▽
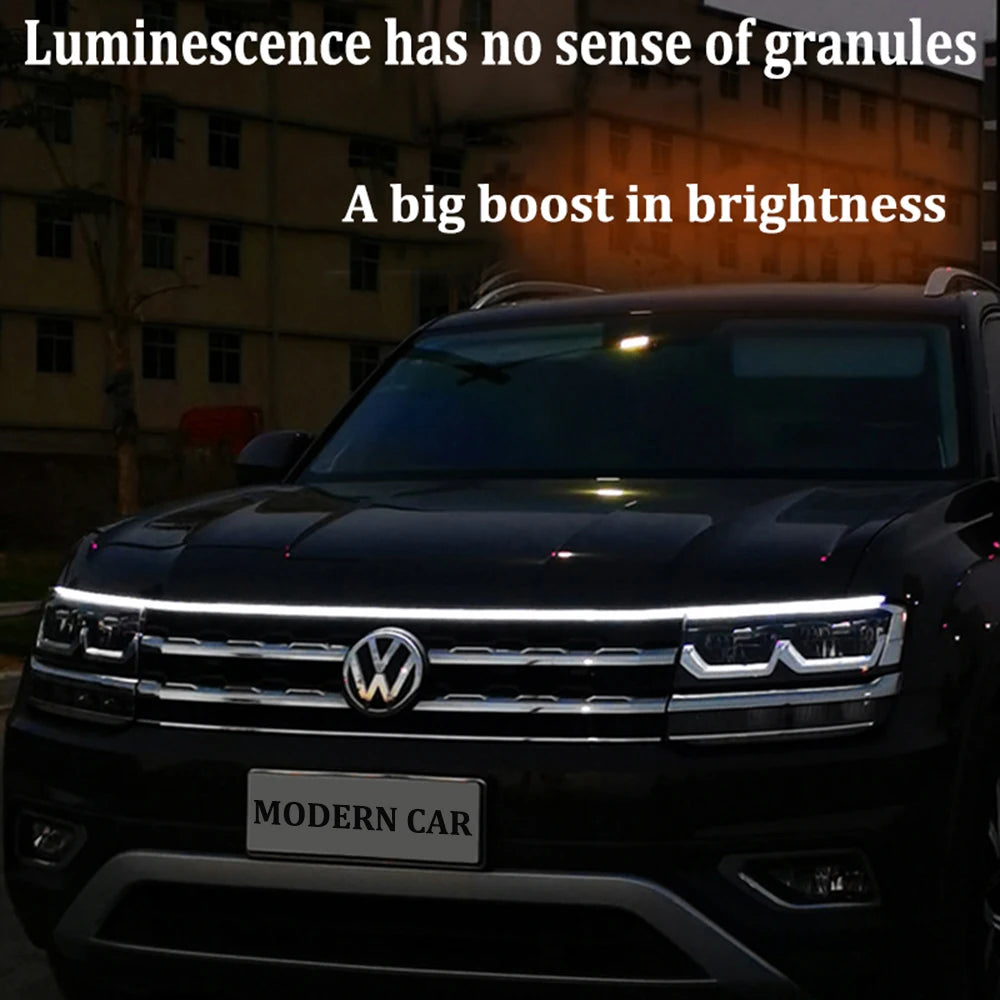 Flexible LED hood strip glowing white along vehicle front edge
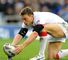Sinfield home at last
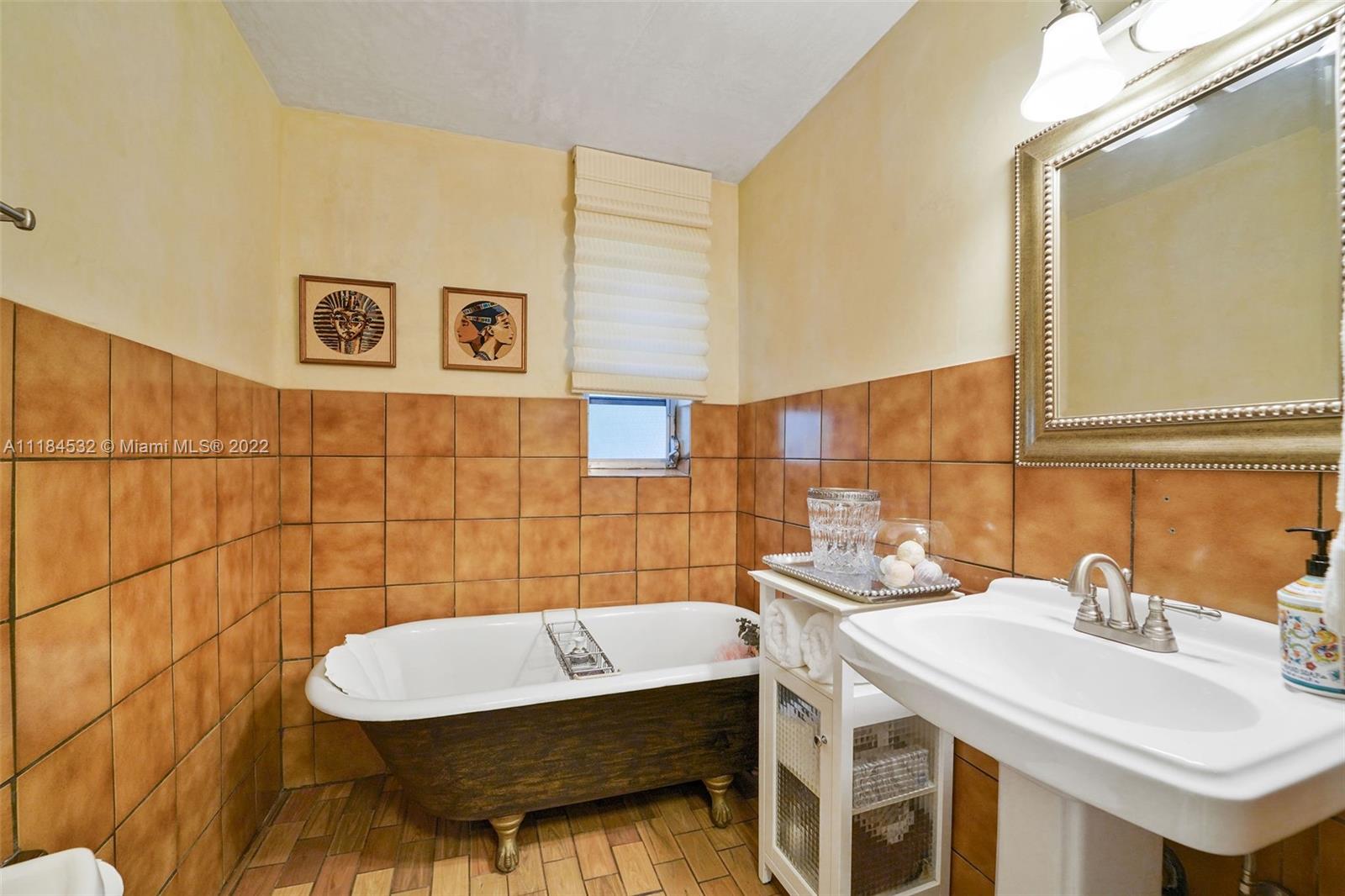 5842 Alton Road Miami Beach, FL 33140 - Photo 15 of 36 a bathroom with a sink and a bathtub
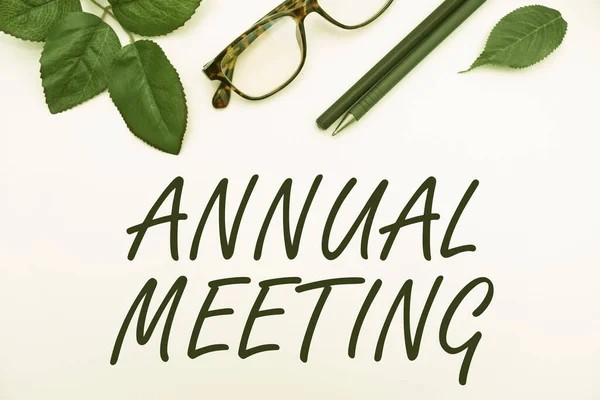 Text sign showing Annual Meeting. Business overview Yearly gathering of an organization interested shareholders Office Supplies Over Desk With Keyboard And Glasses And Coffee Cup For Working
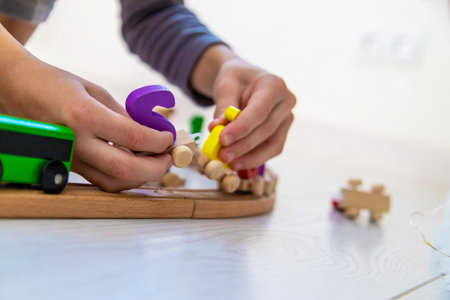 Child playing with a wooden toy train with colorful letters on a light floor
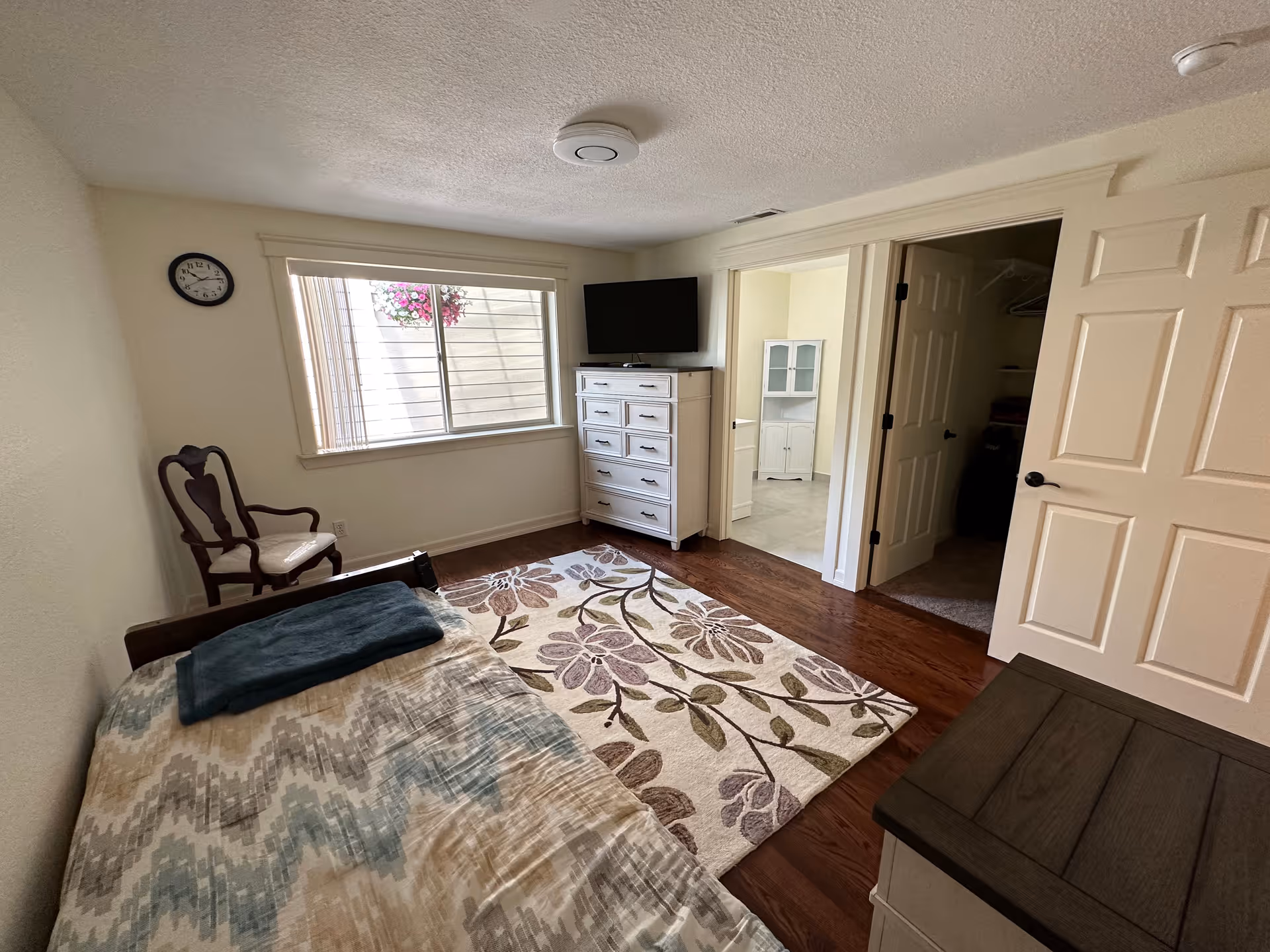 A bedroom with a single bed covered with a patterned blanket and a folded dark blue towel on top. There is a wooden chair with armrests near a window with vertical blinds and a hanging flower basket outside. A white chest of drawers with a flat-screen TV on top is positioned against the wall. The room has wooden flooring with a floral area rug. Two open doors lead to an adjacent room and a closet.
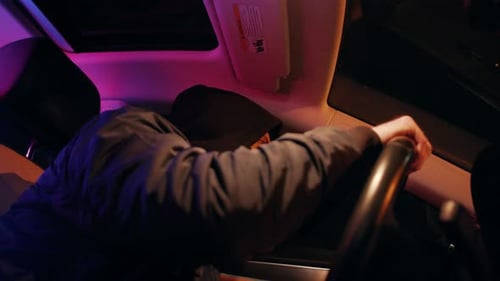 Masked Person Drives Vehicle with Police Lights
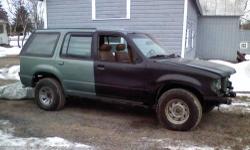 2000 Explorer with 1997 Limited body. Yes only 3900 miles. Evergreen Frost Metallic with tan leather interior. V6 Auto. Bought as a project, in the process of repainting. Many new parts, new NAPA battery, new transponder keys, runs and sounds like new.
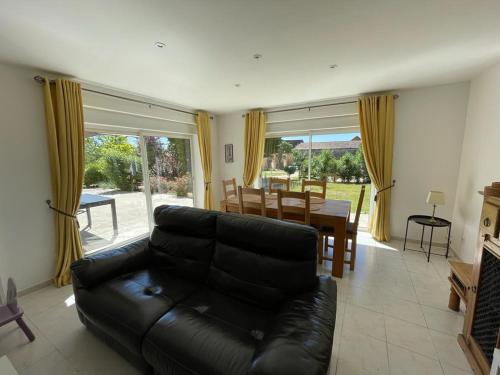 un salon avec un canapé en cuir noir et une table dans l'établissement Beautiful 4 bedroom country cottage sleeps 7, à Saint-Cybranet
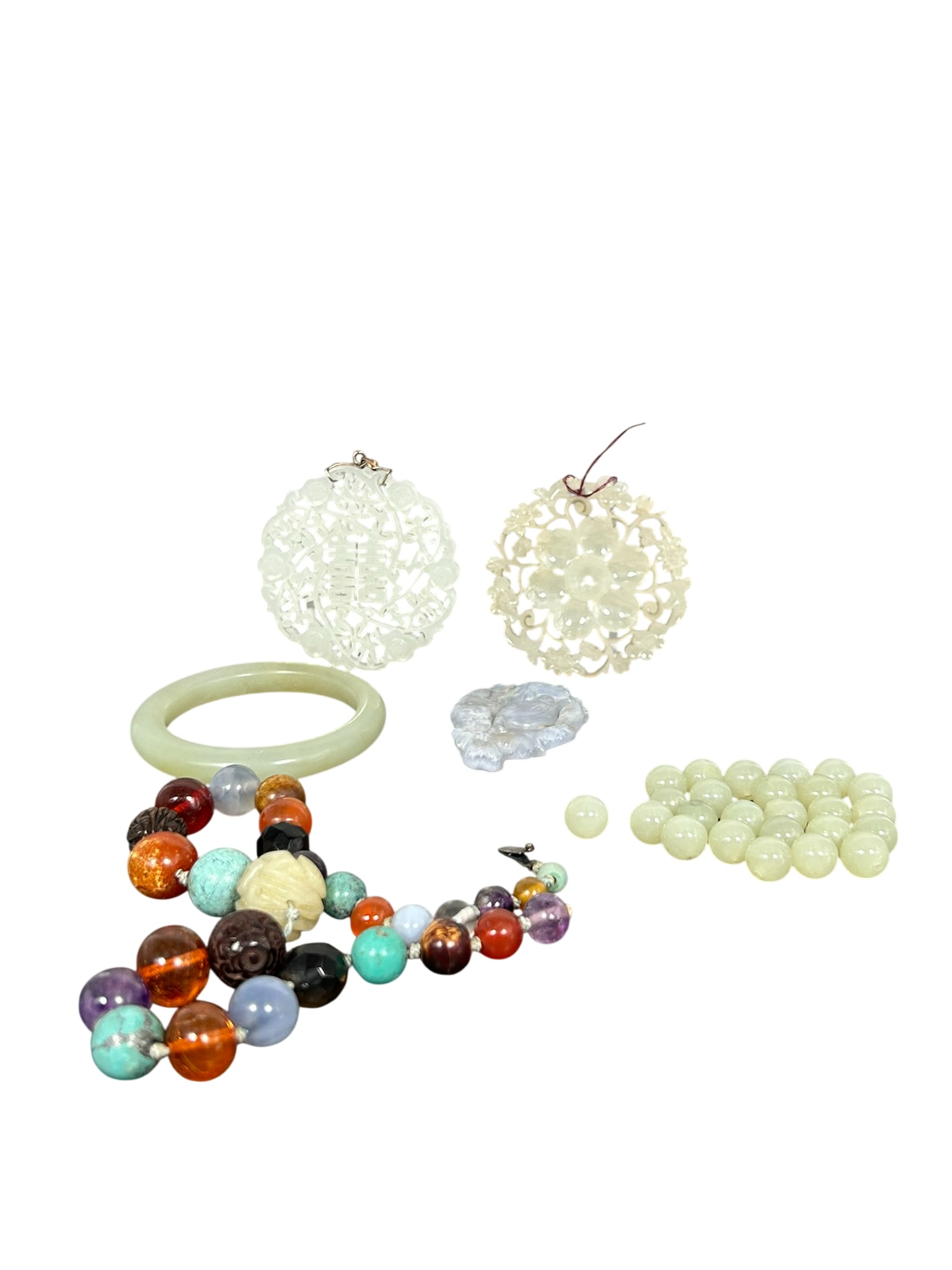 A Group of Six Items: Comprising a jade bangle, 2.1/2 in. diam.; two jade carved and reticulated plaques, with the slightly larger one measures 2.1/4 in. diam.; a jade lavender reticulated pendant, 1.7/8 in. high, 1.3/8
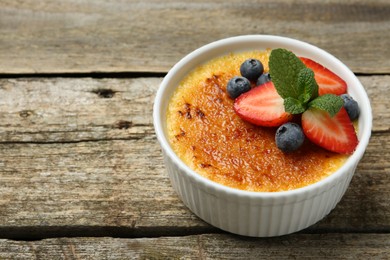 Delicious creme brulee with berries and mint in bowl on wooden table, closeup. Space for text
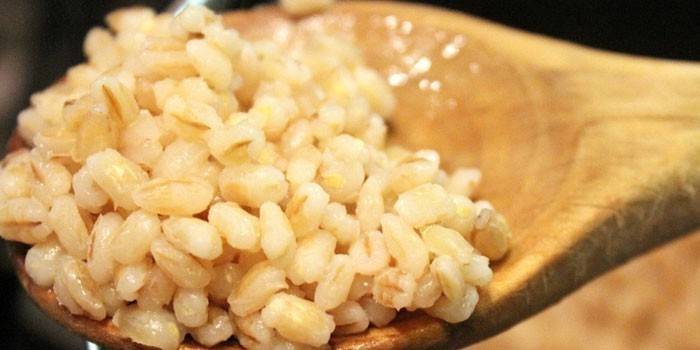 Owsianka jęczmienna w drewnianą łyżką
△
Every line from the one containing "Child playing with" through the last line of the records is to be reproduced exactly, with pictures left out and nothing else given.

Result of the task -
 Child playing with a wooden toy train with colorful letters on a light floor
 A bedroom with a single bed covered with a patterned blanket and a folded dark blue towel on top. There is a wooden chair with armrests near a window with vertical blinds and a hanging flower basket outside. A white chest of drawers with a flat-screen TV on top is positioned against the wall. The room has wooden flooring with a floral area rug. Two open doors lead to an adjacent room and a closet.
 Masked Person Drives Vehicle with Police Lights
 2000 Explorer with 1997 Limited body. Yes only 3900 miles. Evergreen Frost Metallic with tan leather interior. V6 Auto. Bought as a project, in the process of repainting. Many new parts, new NAPA battery, new transponder keys, runs and sounds like new.
 un salon avec un canapé en cuir noir et une table dans l'établissement Beautiful 4 bedroom country cottage sleeps 7, à Saint-Cybranet
 A Group of Six Items: Comprising a jade bangle, 2.1/2 in. diam.; two jade carved and reticulated plaques, with the slightly larger one measures 2.1/4 in. diam.; a jade lavender reticulated pendant, 1.7/8 in. high, 1.3/8
 Delicious creme brulee with berries and mint in bowl on wooden table, closeup. Space for text
 Owsianka jęczmienna w drewnianą łyżką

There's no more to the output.